Nera Networks General Conditions of Sales

Please study the conditions below carefully.

1. Introduction
In these Terms and Conditions, Nera Networks AS or any of its Affiliates is referred to as "NERA", and the "Purchaser" means the party or parties contracting to purchase Products and/or services from NERA. "Products" and "Services" includes all Hardware, Software, Firmware Documentation, Spare Parts, and services of whatever type, which NERA has agreed to supply either directly or through its authorised agent(s).

2. General
No terms or conditions (whether contained in the Purchasers Official Purchase Order or otherwise) shall be binding on NERA other than those set out herein, unless expressly agreed otherwise by NERA in writing.

3. Formation of the Contract
The Contract between NERA and the Purchaser shall be deemed to have been entered into when, upon receipt of a Purchase Order (hereinafter referred to as “PO”), NERA has sent an acceptance in writing within the time limit (if any) fixed by the Purchaser, or when the Contract is signed by both parties hereto. The PO must be specific on the product specification, volumes and requested delivery date. Order Changes must be kept to a minimum. However, should a Change Order be submitted, a new delivery date may be stated, and charges may be applied. Cancellation of special orders will be on special terms.
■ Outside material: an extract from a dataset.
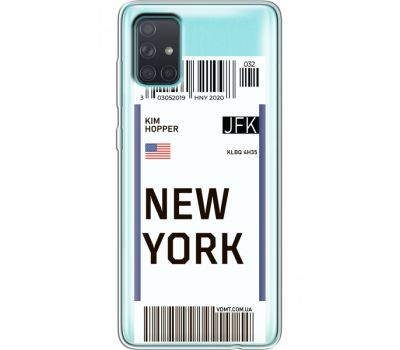 Силіконовий чохол BoxFace Samsung A715 Galaxy A71 Ticket New York (38851-cc84)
If NERA has fixed a time-limit for acceptance, the Contract shall be deemed to have been entered into when the Purchaser has sent an acceptance in writing before the expiration of such time-limit. The Contract will come into force when all related requirements in the Contract are met.

4. Quotations
Quotations are valid for a period of 30 days from the date of issue unless expressly agreed otherwise by NERA in writing.

5. Prices
Unless otherwise confirmed in writing by NERA, prices quoted are Ex Works - Bergen Norway/or other factories/logistical service points for NERA (in accordance with INCOTERMS 2000).  Carriage, insurance and other costs (if any) will be charged as extra. Prices quoted apply only to the quantities or particular services specified in the quotation.

If between the date of the PO confirmation and delivery, the cost of the whole or any part of the Product or services is increased by reason of any rates, duties or taxes payable by NERA, NERA may increase the price accordingly.

6. Terms of Payment and Default Interest

6.1. Terms of Payment
Payment is to be made in full based on “30 days net” of invoice date in the currency invoiced. Should the Purchaser fail to pay in full within that period NERA shall be entitled to suspend work and/or delivery of any goods to the Purchaser. Such action shall not prejudice any other remedy that NERA may have, hereunder terminate the Contract with 14 days written notice.

6.2 Interest
In the event that payment is not made within 30 days of invoice date, the Purchaser shall pay NERA  interest at the rate of 3 months LIBOR plus 5% per annum, until all outstanding amounts, including interest charges, are paid.

7. Delivery

7.1. Unless otherwise agreed, any quoted delivery or period shall refer to delivery Ex Works.

7.2. Unless otherwise agreed, the delivery period shall run from the date of formation of the Contract as defined in Article 3.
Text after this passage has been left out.